Condemn none: if you can stretch out a helping hand, do so. If you cannot, fold your hands, bless your brothers, and let them go their own way. - Swami Vivekananda

I am trying to stretch a hand here :) !

This tutorial will go over the basics of working with arrays in python, as well various modules required for getting up and running with analyzing data. The goal is to give you enough to get you started and you should refer to other resources for more depth/breadth.

Running Interactive Shell (MAC/Linux)

Check if you have python installed by running python --version in your terminal.

You can run an interactive shell in your terminal by running the python command in your terminal.

If python is not installed refer the download page. It should be installed by default on ubuntu and on Mac.

I like using jupyter notebook when coding ML models in python. It is a python package that provides a convinient interactive shell that runs in your browser. You can also share your notebook with your friends very conviniently! they only have to have jupyter note book installed. You can install it by running pip install jupyter.

Once jupyter is installed, you can run the note book by running jupyter notebook in your shell.

Data Types and Variables

Contrast to statically typed languages like C++/C/Java, in Python there is no notion of explicitly declaring the type of a variable. The type of a variable is inferred at run-time, hence Python is a dynamically-typed language.

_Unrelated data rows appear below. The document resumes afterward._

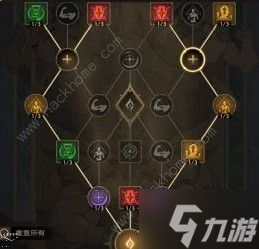 塔瑞斯世界铭石优先解锁哪个 铭石搭配加点推荐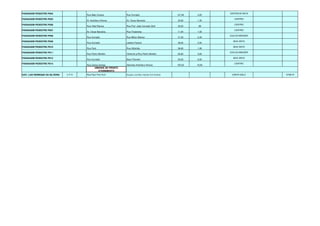 PASSAGEM PEDESTRE PD04
Rua Mato Grosso Rua Humaitá 127,90 4,25
CENTRO/B.VISTA
PASSAGEM PEDESTRE PD05
Al. Aristiliano Ramos Av. Oscar Barcelos 30,80 1,30
CENTRO
PASSAGEM PEDESTRE PD06
Rua Vidal Ramos Rua Prof. João Conrado Stoll 25,00 ,80
CENTRO
PASSAGEM PEDESTRE PD07
Av. Oscar Barcelos Rua Tiradentes 11,40 1,50
CENTRO
PASSAGEM PEDESTRE PD08
Rua Humaitá Rua Milton Blemer 31,30 2,45
EUG.SCHNEIDER
PASSAGEM PEDESTRE PD09
Rua Humaitá Ladeira Paraná 36,50 2,50
BOA VISTA
PASSAGEM PEDESTRE PD10
Rua Pará Rua Atlântida 38,60 1,95
BOA VISTA
PASSAGEM PEDESTRE PD11
Rua Pedro Moretto Voltando p/Rua Pedro Moretto 65,60 5,60
EUG.SCHNEIDER
PASSAGEM PEDESTRE PD12
Rua Humaitá Beco Planalto 52,00 6,00
BOA VISTA
PASSAGEM PEDESTRE PD13
Rua Carlos Gomes Alameda Aristiliano Ramos 105,00 19,95
CENTRO
UNIDADE DE PRONTO
ATENDIMENTO
GOV. LUIZ HENRIQUE DA SILVEIRA U P A Rua Paul Fritz Kurt Esquina com Rua Ademir José Schmitt CANTA GALO 5738/16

You can assign different data-types to a particular variable

i = 10 # int
j = 10.123 # floating point
a = "a" # str
b = [1, 2, 3] # list

You can check for the type of a variable by using the type function

i = 10


The usual operators are used in python

  • + : addition
  • - : subtraction
  • * : multiplication
  • % : modulo
  • / : division
  • //: truncation division
  • ** : exponentiation

Logical operators

  • ~ : bitwise negation
  • or : logical or
  • and : logical and
  • not : logical not
  • <, <=, >, >=, !=, ==
  • , &, ^ : bitwise or, and, xor
  • in : element in (a list, tupple, dictionary..)
  • «, » : left shift and right shift

Conditional Statements and Control Flow

If/Else Block

It’s useful to be able to check whether a particular statement is True/False prior to executing a code block.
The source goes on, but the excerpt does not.